The success of the single was largely attributed to the video, which received wide exposure on MTV and local Boston UHF music video channel V-66, along with positive reactions from critics and nominations to numerous awards. Keith Thomas of Knight Ridder newspapers called the video "a clever and stunning effort". Praising the dialogue and acting he said that it "looks better than most feature films", adding that "everything about the clip is grand". Robert Hilburn of the Los Angeles Times also praised Mann's acting, saying that she appears "marvelously charismatic" in it, while Dennis Hunt from the same newspaper said that it was "cleverly conceived". Debbie del Condo of the Orlando Sentinel called it the "Most Memorable Video of 1985", and added that she will "keep waiting for their next video". In his book Totally awesome 80s, author Matthew Rettenmund called it a "great story video". Author Brent Mann in his book 99 Red Balloons..., called the video "pure New Wave" and added that it was "perfect for MTV and VH1 consumption".

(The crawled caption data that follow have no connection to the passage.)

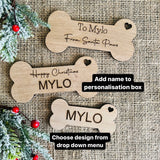 CHRISTMAS TREE DOG Decoration - Personalised Wooden Dog Bone - Pet Stocking Label - 2 Sizes available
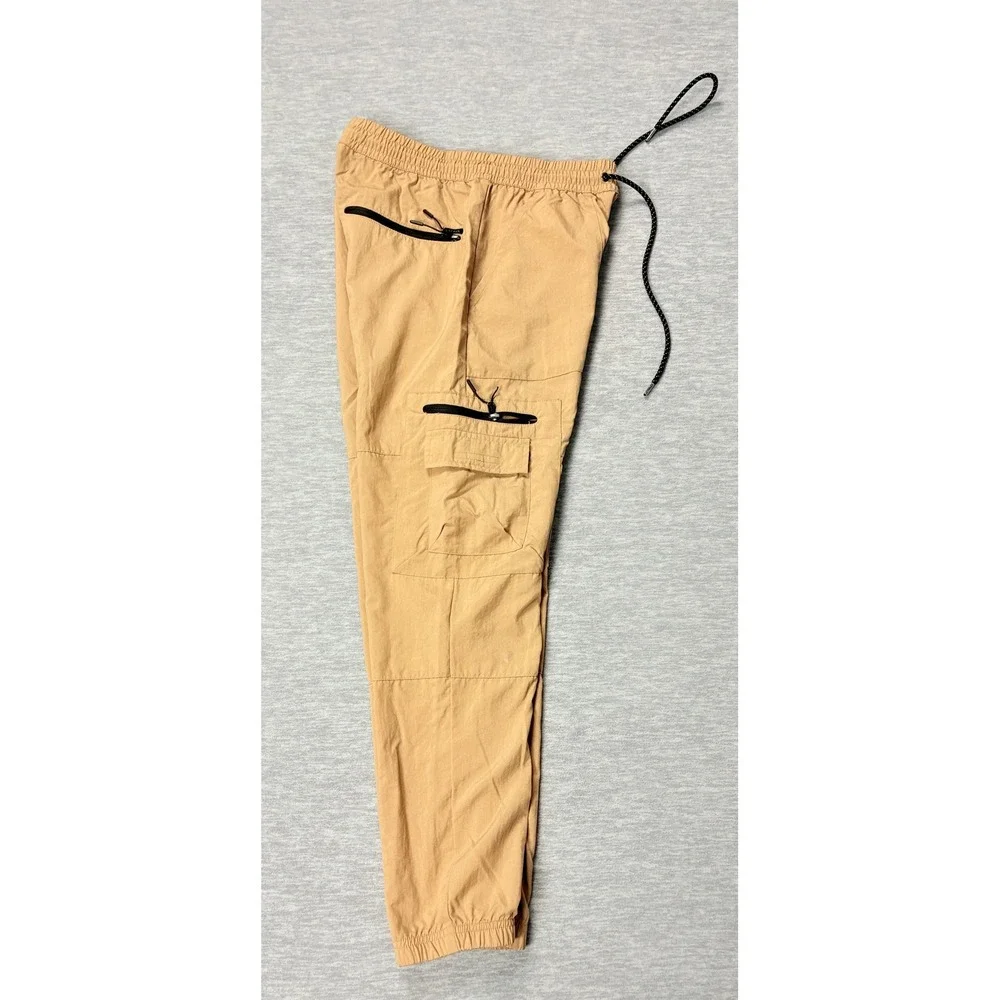 PacSun Relaxed Jogger Mens Small Tan Khak3i Cargo Pants Nylon Utility
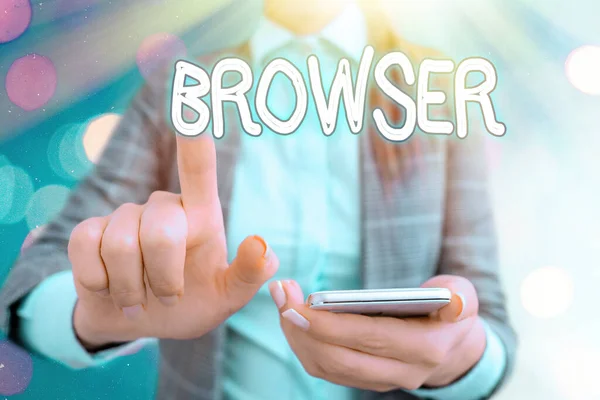 Handgeschreven tekst schrijven van Browser. Begrip betekenis Computer programma Graphical user interface weergeven van HTML-bestanden. — Stockfoto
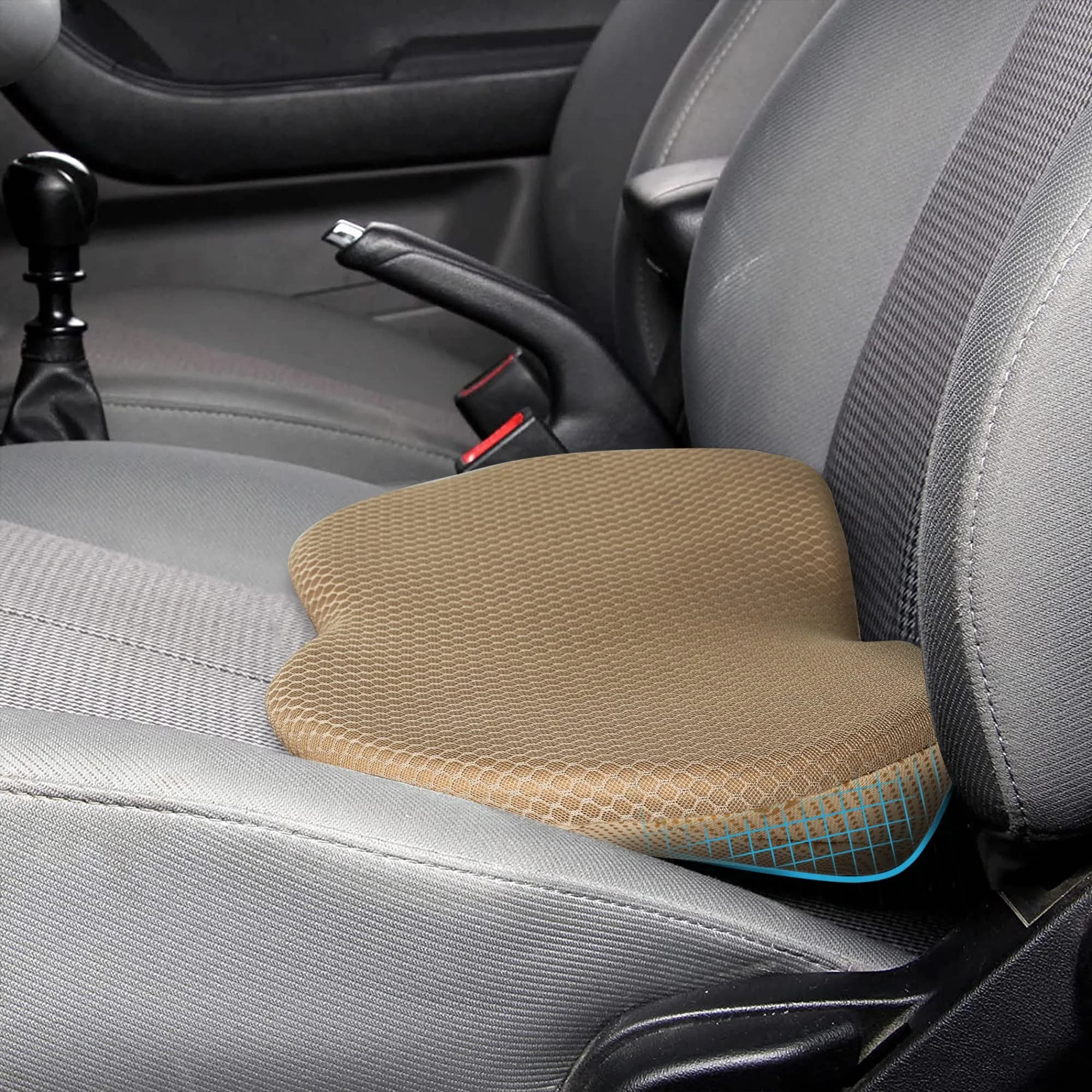 Livtribe Ergonomic Car Seat Cushion with Lumbar Support & 3.5-inch Rise | 44cm (17.3")L x 27cm (10.5")W x 9cm (3.5")H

At the 1985 MTV Video Music Awards, the band won the award for Best New Artist in a video. The same year, at the Fourth Annual American Video Awards, Mann was named the Best Female Performer in a video for "Voices Carry". The video was placed number forty on Slant Magazine's 2003 list of the "100 Greatest Music Videos", and was listed on Pitchforks "100 Awesome Music Videos", in 2006.

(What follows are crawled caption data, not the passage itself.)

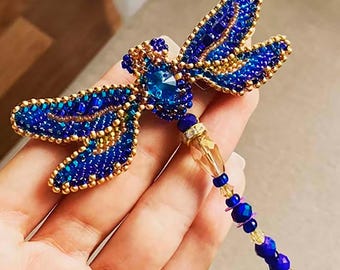 Kit de bordado con cuentas: broche de libélula, libélula real con cuentas, bordado de insectos, libélula azul DIY, accesorio de moda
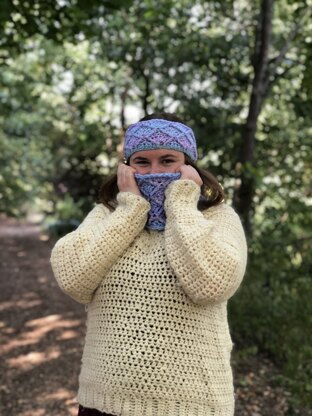 Mermaid Scales Cowl and Headband Set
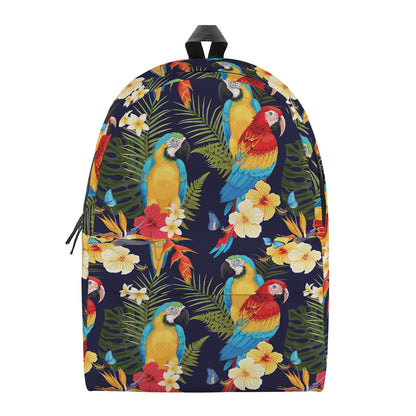 Parrot And Flower Pattern Print Backpack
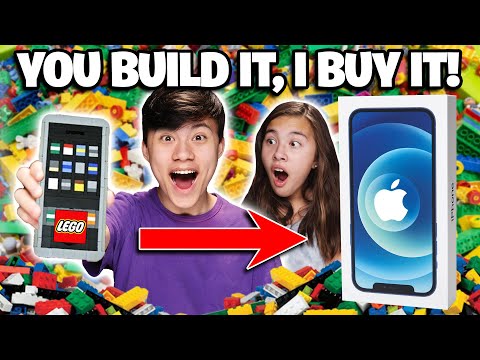 IF YOU BUILD IT, I WILL BUY IT LEGO CHALLENGE!!! I Got a NEW iPhone 12 & McDonald's Big Mac! Video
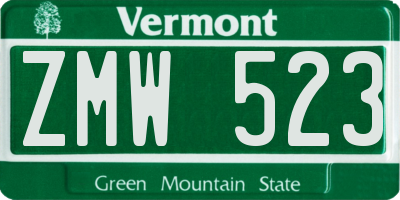 VT license plate ZMW523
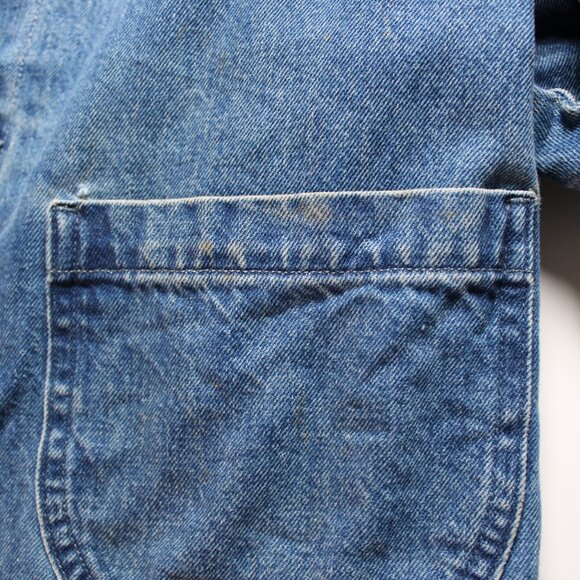 Older Brother Denim Jean Jacket Sherpa Fleece Lined Blue Trucker Coat Warm Cozy - Picture 3 of 12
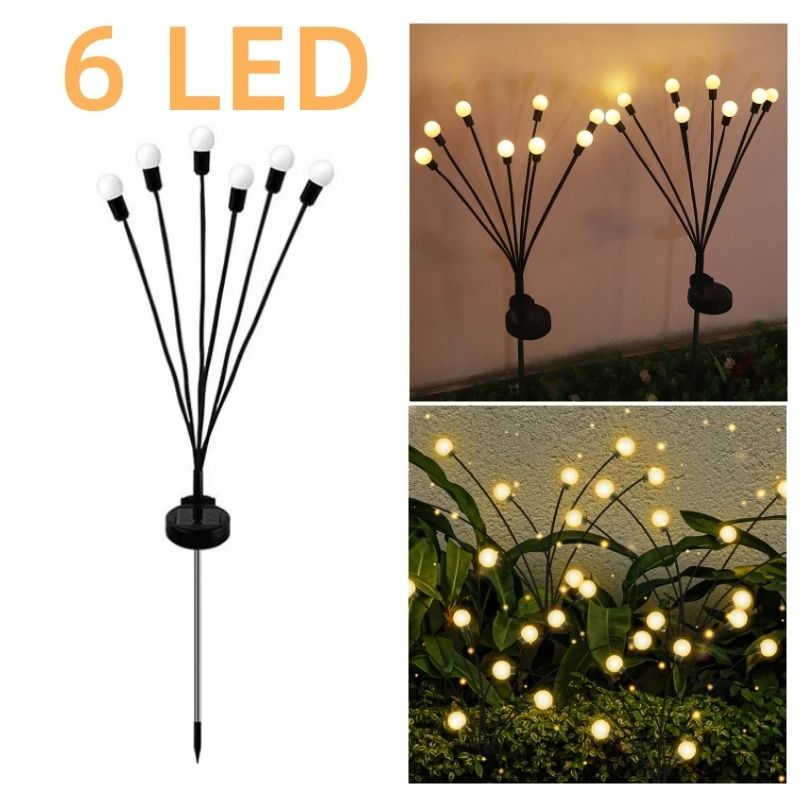 AlliLit 1-10 Pack Solar Outdoor Swaying Firefly Lights Waterproof Garden Lawn Pathway Stakes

The 2012 music video for "Labrador", the second single from her album Charmer, features a satirical shot-for-shot remake of "Voices Carry" video within the framing device of Mann having been forced to shoot the video after inadvertently signing complete control of the video over to director Tom Scharpling. The video features Jon Wurster as the Wall Street boyfriend, Jon Hamm as Scharpling, and Ted Leo in a cameo.

==Formats and track listing==
These are the formats and track listings of major single releases of "Voices Carry":

- 7" Single: Australia/North America
1. "Voices Carry" – 4:19
2. "Are You Serious?" – 3:15

- 12" Maxi-Single: Netherlands
3. "Voices Carry" – 4:19
4. "Are You Serious?" – 3:15
5. "Sleep" – 3:40

- 12" Maxi-Single: North America
6. "Voices Carry" (Long version) – 4:19
7. "Voices Carry" (Single mix) – 3:59

==Credits and personnel==
- Aimee Mann – lead vocals, backing vocals, bass
- Robert Holmes - electric guitar, backing vocals
- Joey Pesce – synthesizers, backing vocals
- Michael Hausman – drums

==Charts==

| Chart (1985–1986) | Peak position |
|---|---|
| Australian Kent Music Report | 15 |
| Canadian RPM Singles Chart | 15 |
| US Billboard Hot 100 | 8 |
| US Radio & Records CHR/Pop Airplay Chart | 7 |
| US Billboard Top Rock Tracks | 14 |

| Year-end chart (1985) | Rank |
|---|---|
| US Top Pop Singles (Billboard) | 68 |

==Cover versions==
American hardcore punk band Gang Green covered the song on their 1986 album Another Wasted Night.

American singer Tiffany covered the song on her compilation album Greatest Hits of the '80s and Beyond, released on May 30, 2011. The album included a string of '80s song covers.

On July 30, 2018, singer/songwriter Sky Ferreira released a demo of her cover on SoundCloud. Ferreira later released a more produced '(Alternative Version)' which appeared on YouTube.

On August 28, 2024, American actress and singer/songwriter Kate Hudson released her cover version of the song. Hudson had previously performed the song on The Howard Stern Show in May 2024.